Issues Involved: 1. Delay in filing cross objections by the assessee. 2. Disallowance under section 14A. 3. Deduction under section 80IB(10). 4. Disallowance of Work-in-Progress (WIP). 5. Disallowance under section 40(a)(ia). 6. Levying penalty under section 271(1)(c).
Summary:
1. Delay in Filing Cross Objections by the Assessee: The assessee reported a delay of 843 days in filing cross objections due to wrong advice by the tax advisor. The Tribunal condoned the delay, referencing the Supreme Court judgment in Collector, Land Acquisition vs MST Kattiji & Others, which emphasized interpreting "sufficient cause" to ensure justice on merits.

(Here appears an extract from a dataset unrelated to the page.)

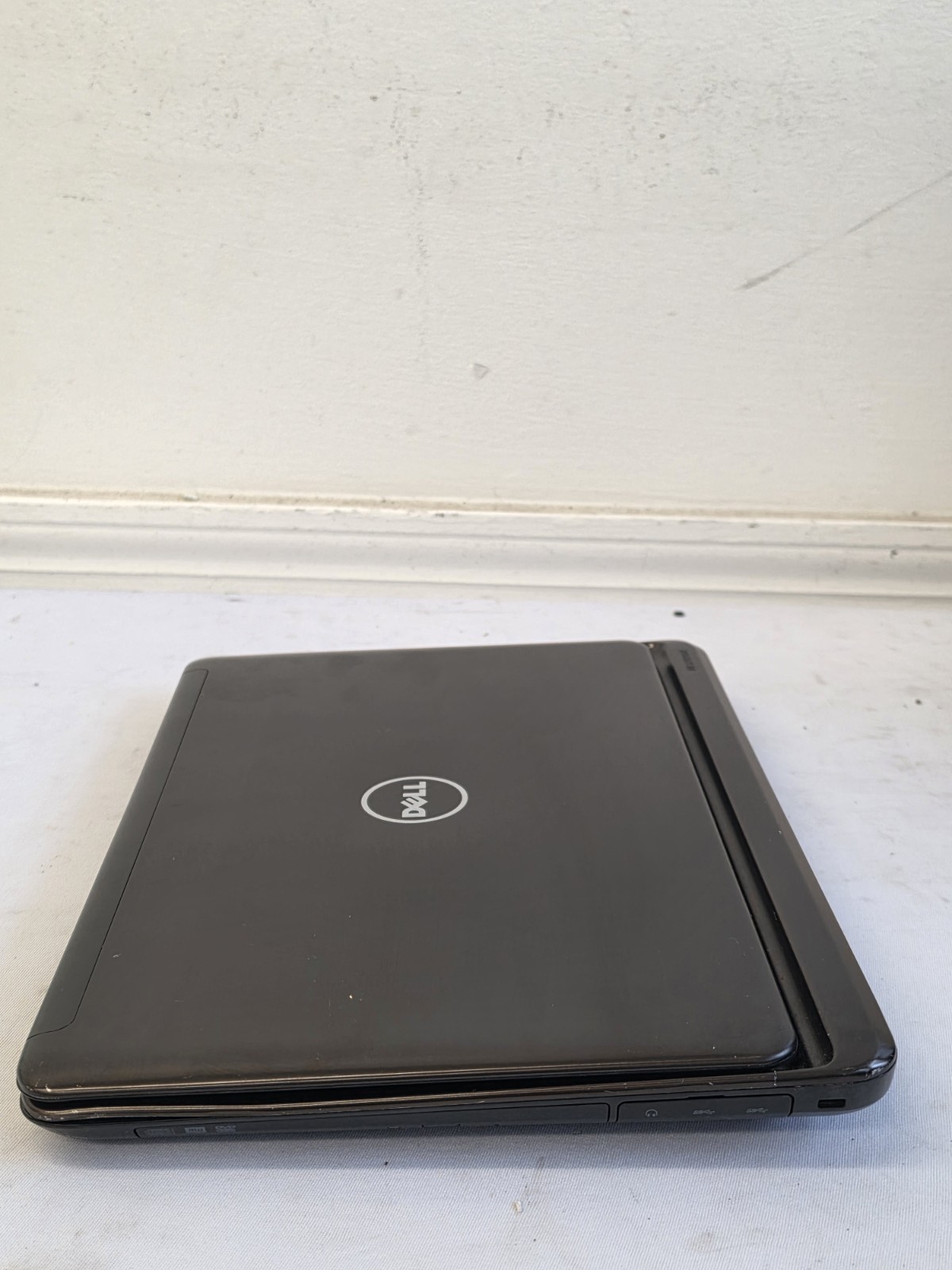 Dell Inspiron N411Z Laptop – Intel i5-2430m – 6GB RAM 640GB HDD BAD BATT – READ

2. Disallowance under Section 14A: The Assessing Officer disallowed Rs.40,25,86,078/- under section 14A, which was reduced to Rs.4,23,20,580/- by the Ld.CIT(A). The Tribunal, following the Supreme Court's decision in State Bank of Patiala and Delhi High Court's decision in CIT vs Joint Investments Pvt Ltd, directed the disallowance to be restricted to the extent of exempt income earned by the assessee, i.e., Rs.20,19,580/-.

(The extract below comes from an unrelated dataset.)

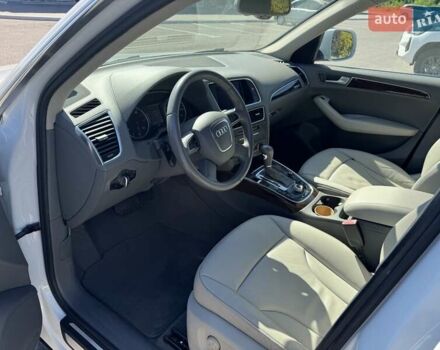 Белый Ауди Ку 5, объемом двигателя 1.98 л и пробегом 107 тыс. км за 15300 $, фото 7 на Automoto.ua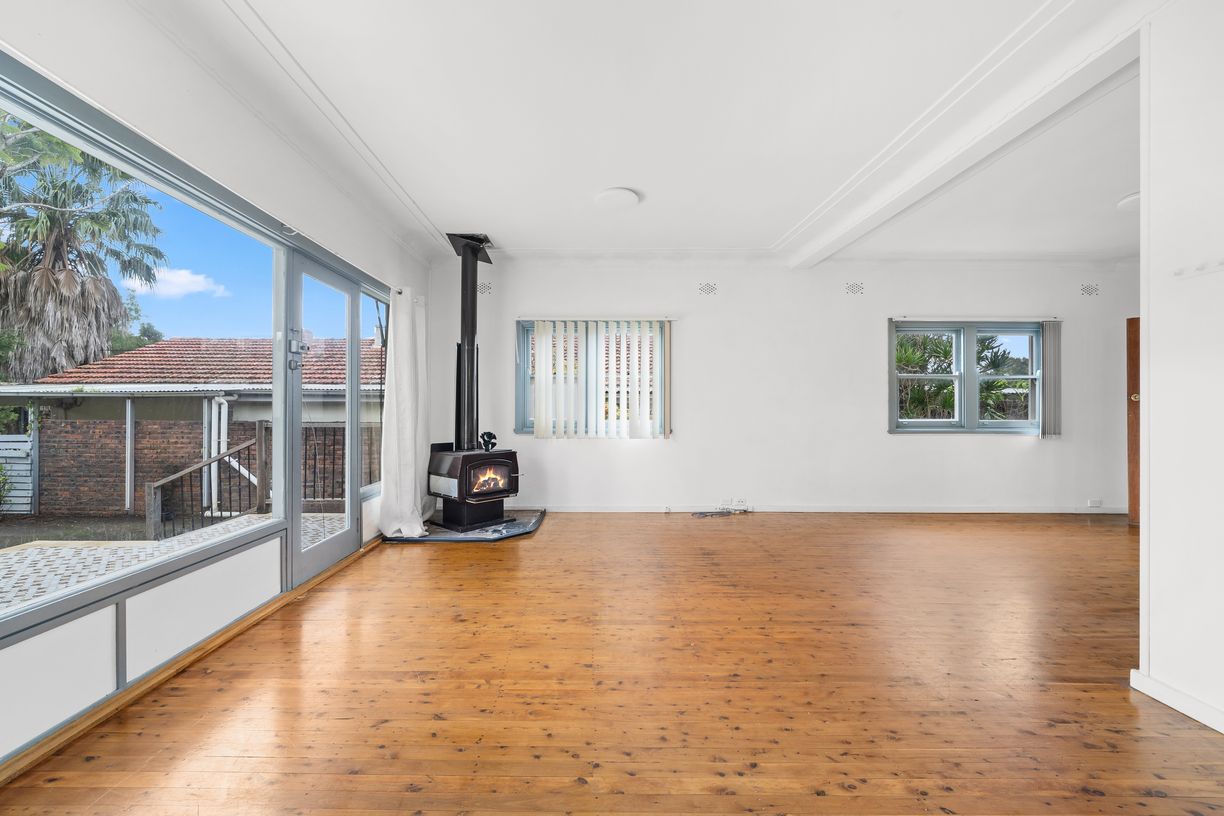 162 Princes Highway — photo 3 of 10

3. Deduction under Section 80IB(10): The Assessing Officer disallowed the deduction of Rs.24,11,13,795/- under section 80IB(10) due to the built-up area exceeding 1000 sq.ft. for some flats. The Ld.CIT(A) allowed the deduction on a pro-rata basis for eligible units whose area was less than 1000 sq.ft., following judicial precedents like Viswas Promoters P Ltd vs ACIT and CIT vs Arun Excello Foundations P Ltd. The Tribunal upheld this decision, referencing the jurisdictional High Court's decision in Models Construction Pvt Ltd vs DCIT.
4. Disallowance of Work-in-Progress (WIP): The Assessing Officer disallowed Rs.5,51,637/- claimed as WIP due to lack of supporting evidence for services rendered by M/s Jitnat Infrastructure Pvt Ltd. The Tribunal upheld the disallowance as the assessee failed to provide relevant supporting evidence.
5. Disallowance under Section 40(a)(ia): The assessee claimed that the amount disallowed under section 40(a)(ia) for non-compliance with TDS provisions in A.Y. 2011-12 should be allowed in A.Y. 2012-13. The Tribunal restored the issue to the Assessing Officer for verification, following the Supreme Court's decision in National Thermal Power Corporation Ltd.
6. Levying Penalty under Section 271(1)(c): The Assessing Officer levied a penalty of Rs.1,62,50,600/- for concealment of income and furnishing inaccurate particulars. The Ld.CIT(A) restricted the penalty to Rs.27,68,349/- for sale of scrap. The Tribunal quashed the penalty, referencing the jurisdictional High Court's decision in Mohd Farhan A Shaikh vs DCIT, which held that a defect in the notice by not specifying the charge vitiates the penalty proceedings.
Conclusion: The appeals filed by the Revenue were dismissed, and the cross objection filed by the assessee was partly allowed. The Tribunal directed the Assessing Officer to restrict disallowance under section 14A to the extent of exempt income and allowed the pro-rata deduction under section 80IB(10). The disallowance of WIP was upheld, and the issue under section 40(a)(ia) was remanded for verification. The penalty under section 271(1)(c) was quashed due to a defective notice.